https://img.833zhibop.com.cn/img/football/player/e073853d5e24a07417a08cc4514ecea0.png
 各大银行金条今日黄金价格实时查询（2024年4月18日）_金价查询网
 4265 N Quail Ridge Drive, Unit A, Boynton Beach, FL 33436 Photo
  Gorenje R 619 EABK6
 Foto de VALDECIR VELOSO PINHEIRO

### [EXERCISE INSTRUCTIONS]
Please set down each entry again, word for word.

### [EXERCISE ANSWER]
https://img.833zhibop.com.cn/img/football/player/e073853d5e24a07417a08cc4514ecea0.png
 各大银行金条今日黄金价格实时查询（2024年4月18日）_金价查询网
 4265 N Quail Ridge Drive, Unit A, Boynton Beach, FL 33436 Photo
  Gorenje R 619 EABK6
 Foto de VALDECIR VELOSO PINHEIRO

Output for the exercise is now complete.